Meteorologists talk in these cases of teleconnections. Thus,
for example, there are studies that relate the water levels of the lagoon of
Gallocanta, in Aragón (
But
these great deviations of the average climatic cycle – phases of droughts and
floods, high or low thermal averages -, have their preludes at critical moments
of the local cycles, when the normal thing is that it rains and does not, or on
the contrary, when having to be warm, it is cold, or vice versa.

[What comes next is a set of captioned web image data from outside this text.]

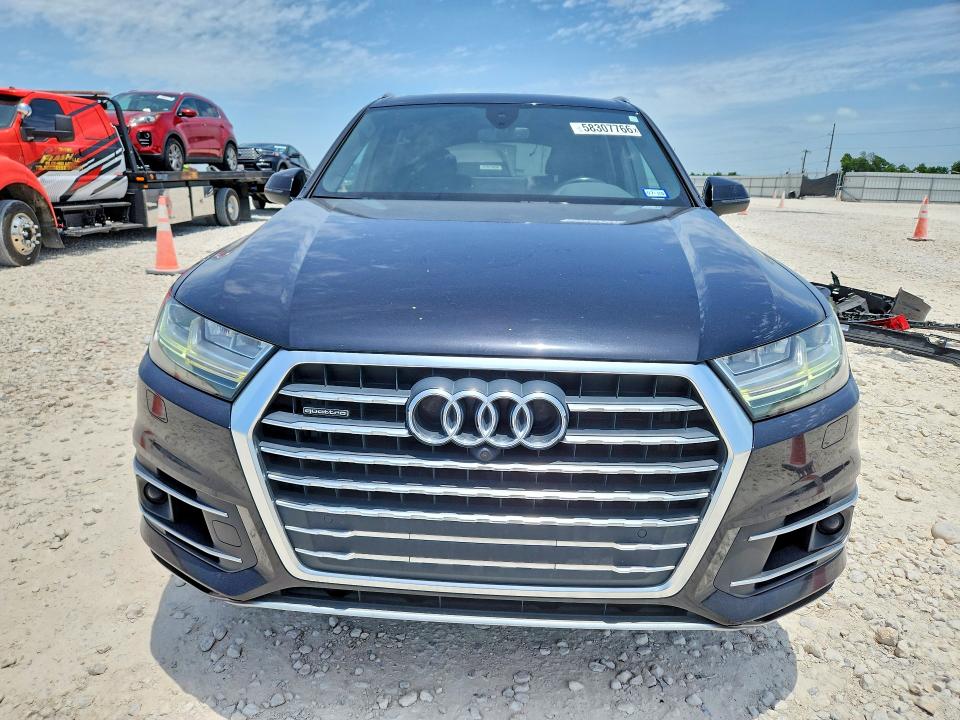 2017 Audi Q7 მანქანა იყიდება აუქციონზე, vin: WA1LAAF75HD035524, აუქციონის ნომერი: 58307766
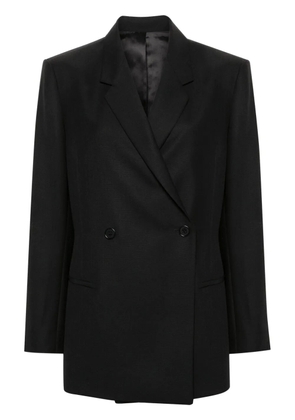 TOTEME double-breasted blazer - Black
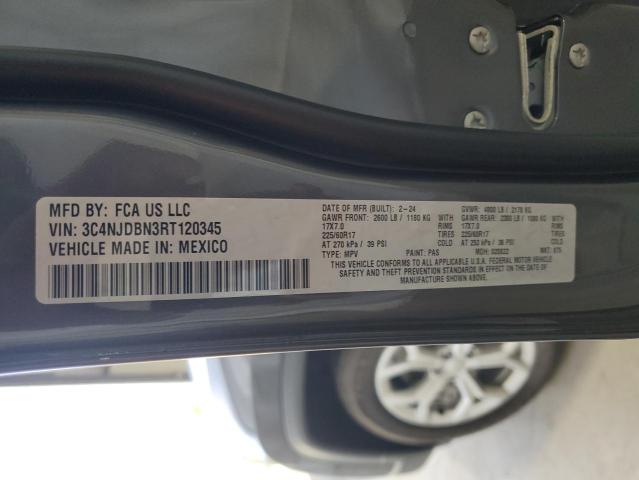 2024 JEEP COMPASS LA 3C4NJDBN3RT120345
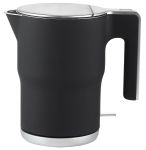 Електрочайник Gorenje 1.5л, з подвійними стінками, чорний матовий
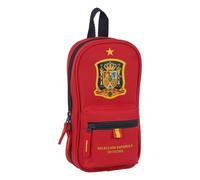 Sac À Dos Porte-Crayon Rfef Rouge (33 Pièces)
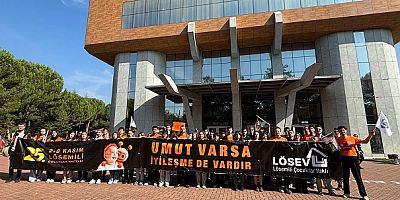 Uludağ Lösev Fayda Topluluğu'ndan Minik Kalplere Umut Dolu Bir Hafta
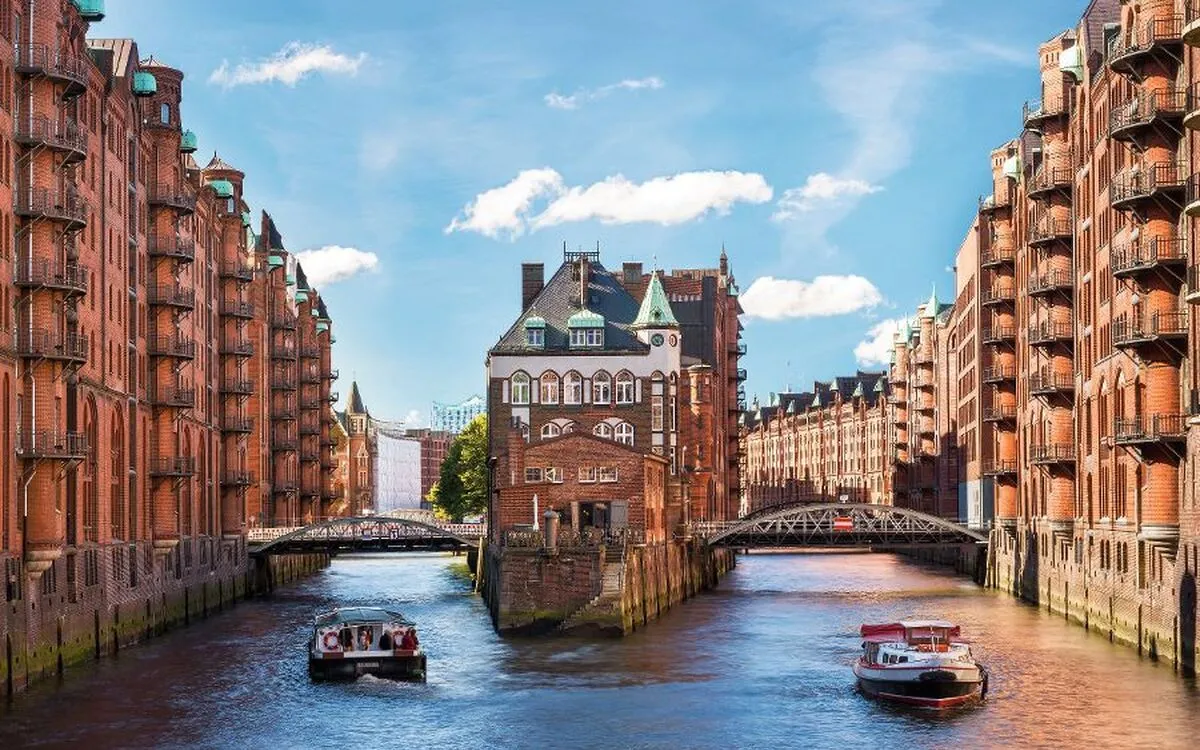 Hamburg – Das Tor zur Welt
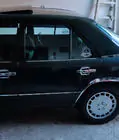 Mercedes E-class W124 1984–1997 Fönsterlister (4 st, rostfritt) foto 1
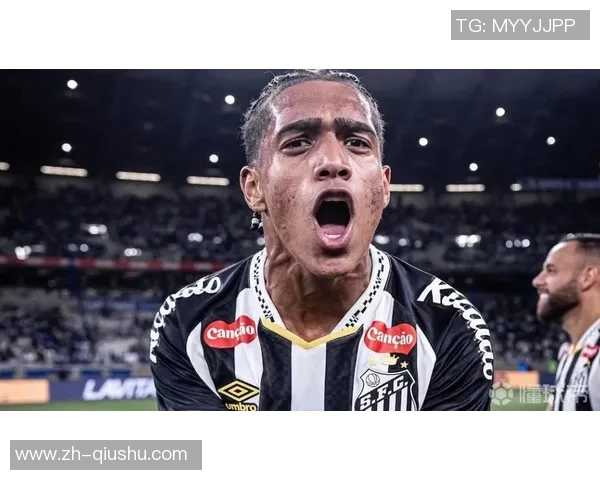 巴萨拜仁争抢19岁桑托斯左后卫索萨标价1500万欧元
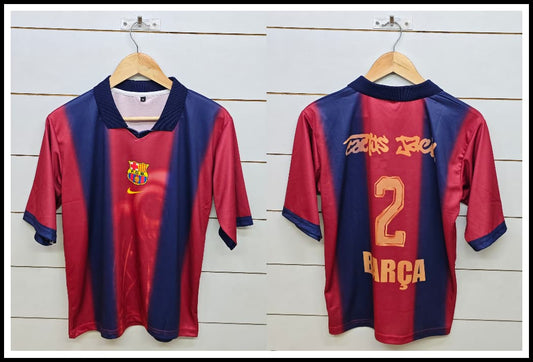 BARCELONA CACTUS JACK with COLLAR 5 SLEEVE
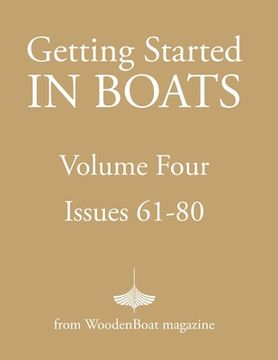 portada Getting Started in Boats Volume 4 (en Inglés)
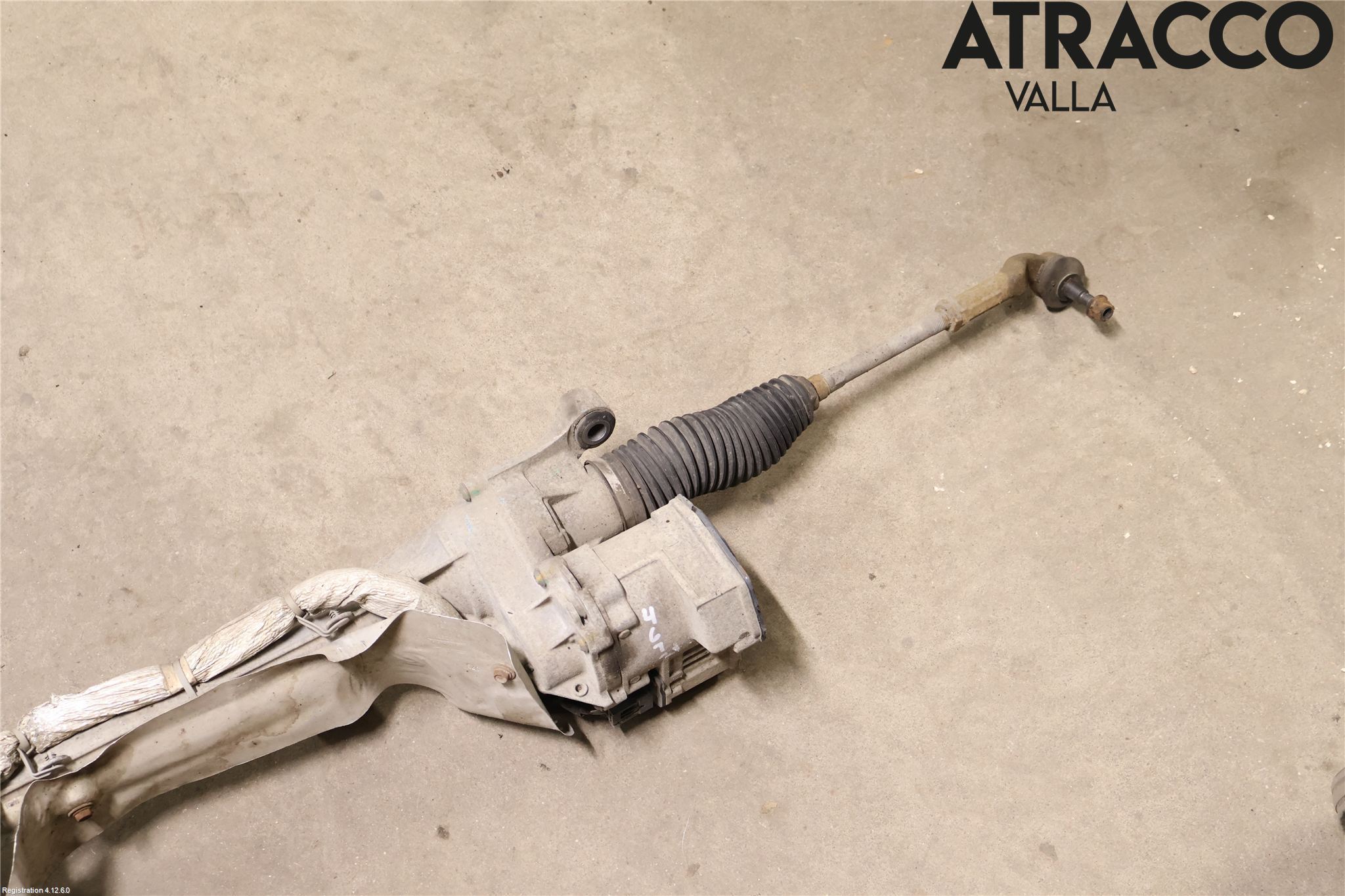 Ford FOCUS 11-14 Styrväxel-Snäcka Elektrisk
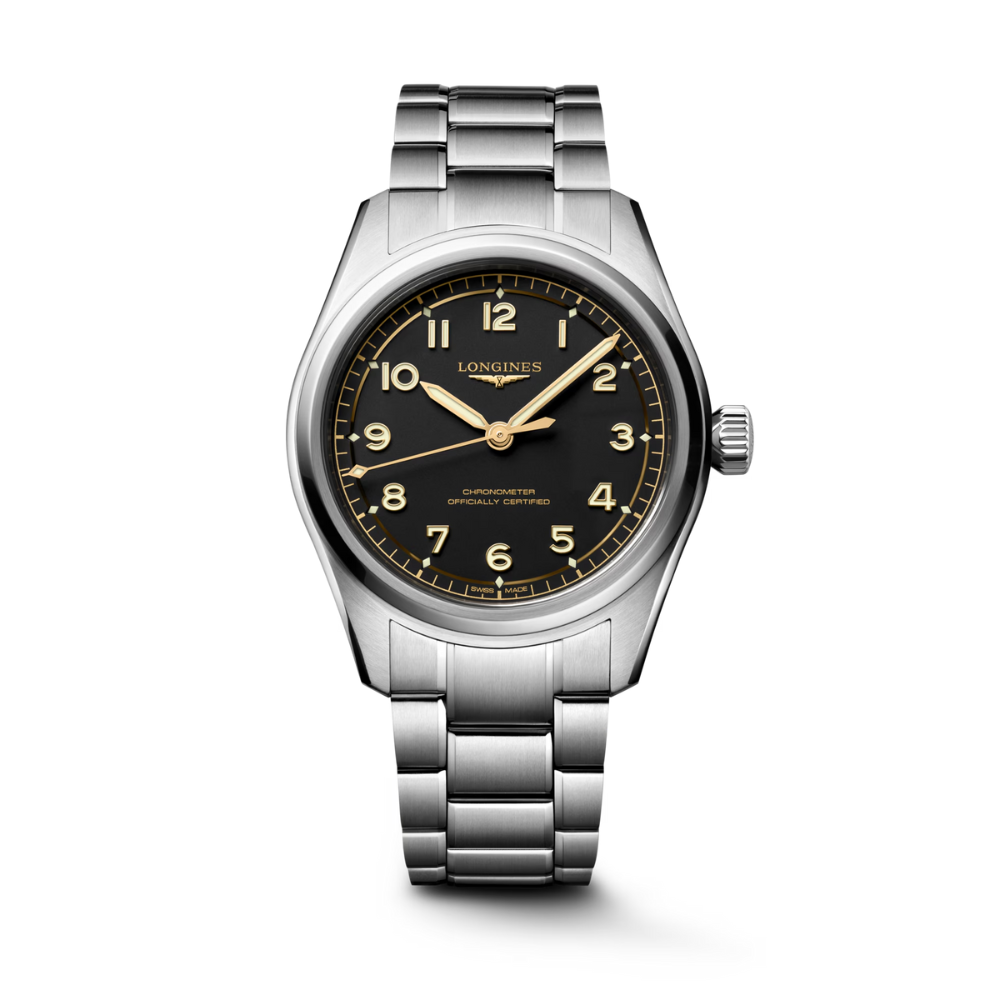 Longines Spirit Pilot 39mm L3.809.4.53.6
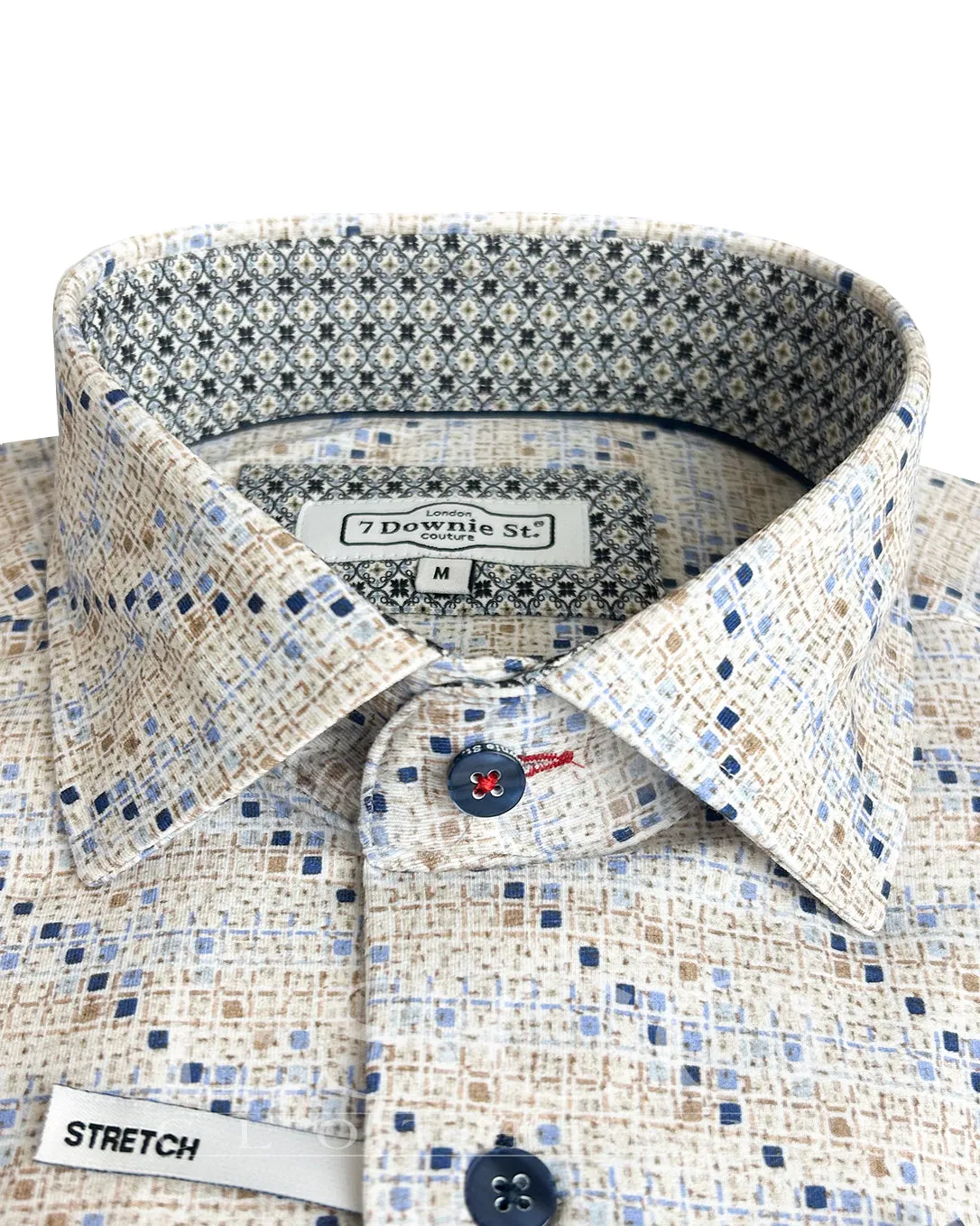 7 DOWNIE ST. LONG SLEEVE SHIRT- 549 LS sold by Esco Clothiers product image thumbnail 2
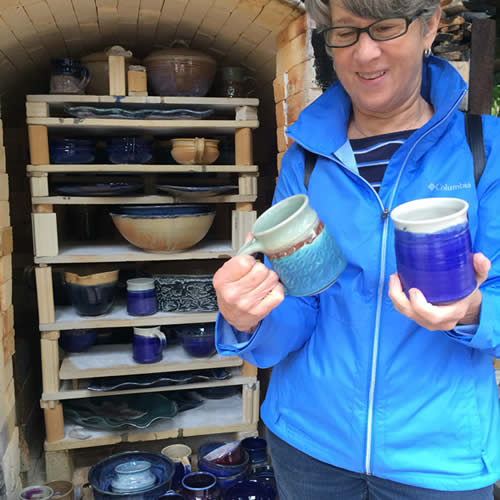 Pottery customer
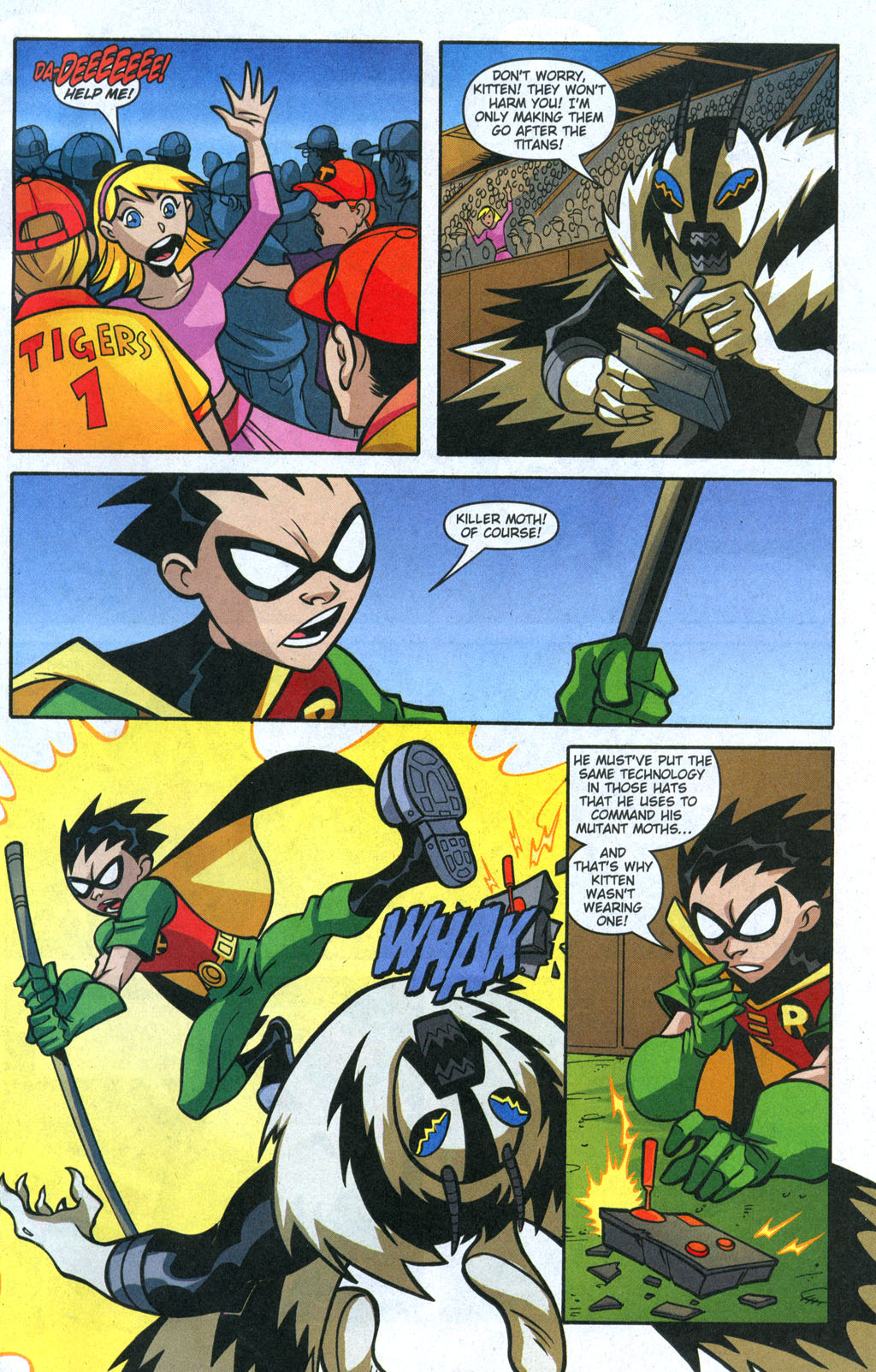 Read online Teen Titans Go! (2003) comic -  Issue #33 - 20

Those points of the meteorological cycles were well known before Christ,
we have many texts about the subject. Farmers
from the time of our grandparents, and even our parents, knew those privileged
moments of the year, and also to interpret the facts and signals observed in the
sky and the atmosphere at such moments.
To
recover this knowledge and update it has been our work for years.
And not only by the fact to rescue a lost knowledge to give back it to
the patrimony of the humanity. The
long term weather forecast is a problem no solved for present Meteorology.
In weather forecasts for three, four, five or six days, the different
models diverge, they only are illustrative.
In the long terms - seasonal, monthly, annual -, its reliability is
rather utopian.
Here
it is when the practical utility of the Meteorogmomy can enter into action. In a previous stage along many years (since 1967), the
expectations of our works have surpassed the phase of experimental prognosis of
long term weather forecast.
The
problem, of course, is not resolute in a totally satisfactory way. But we expect
that, likely, the stretch crossed until now will allow us to approach a
sufficient solution. At least, we
are attempting to open a door that leads to it.